Sunday 1/18: we left at the crack of dawn- before it, in fact. Lesson learned: do not connect in Phoenix Skyport if you have to change airlines as this means a) a shuttle bus to change terminals and b) clearing security a second time. We made it to DC with no other issues. Here we had the only letdown of our trip: we arrived far too late in the day to make it to the We Are One concert. And we heard, from my cousin who was there, that the concert was as fabulous as the Inauguration itself. Ah, well. We made it to my Great Aunt Millie's house, and were greeted by a dinner of my favorite childhood food: halupki (stuffed cabbages).
Monday 1/19: Aunt Millie's granddaughters (my younger cousins) and their kids joined us for breakfast at her place. It was crazy with 3 kids under 3, but wonderful as I had not met any of the little ones in person yet.
This was the first time Annie has been old enough to remember meeting everyone.
After family reunion #1, Annie and I hopped the Metro downtown. Annie's phenomenal Metro luck started with new friend #1: photographer Tim Shaffer, who works for Reuters showed her his press pass and told her all about parties and events he was photographing.
Downtown, we rode the carousel and explored the National Mall. My cousin Emily and her dad Jim joined us for DC fun and family reunion #2 (Em now lives in Philly and Jim in Pittsburgh. Emily grew up in Alexandria, and I went to high school in McLean, so we know our way around.) It was so much fun to show everything to Annie.

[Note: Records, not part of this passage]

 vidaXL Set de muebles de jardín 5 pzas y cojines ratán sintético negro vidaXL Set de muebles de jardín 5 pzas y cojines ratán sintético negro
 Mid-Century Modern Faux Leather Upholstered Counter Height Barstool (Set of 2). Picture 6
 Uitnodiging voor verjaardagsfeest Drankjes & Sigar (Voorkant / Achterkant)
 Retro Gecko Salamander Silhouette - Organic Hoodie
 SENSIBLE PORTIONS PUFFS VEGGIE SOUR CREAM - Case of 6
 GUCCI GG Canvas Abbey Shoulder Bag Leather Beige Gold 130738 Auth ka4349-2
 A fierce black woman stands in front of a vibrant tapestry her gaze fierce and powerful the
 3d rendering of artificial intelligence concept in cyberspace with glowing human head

She got to see the Capital, Washington Monument, White House, National Christmas Tree, Old Post Office Building, the Smithsonian Natural History Museum, Soledad O'Brien live and in person, MSNBC's booth, George Washington himself, and 10,000 port-a-potties. Most exciting of all was just to see DC so full of energy and excitement, so full of people there to celebrate a new moment in history, and also, to cash in on it by selling every Obama item you could imagine (and some I hope you couldn't!)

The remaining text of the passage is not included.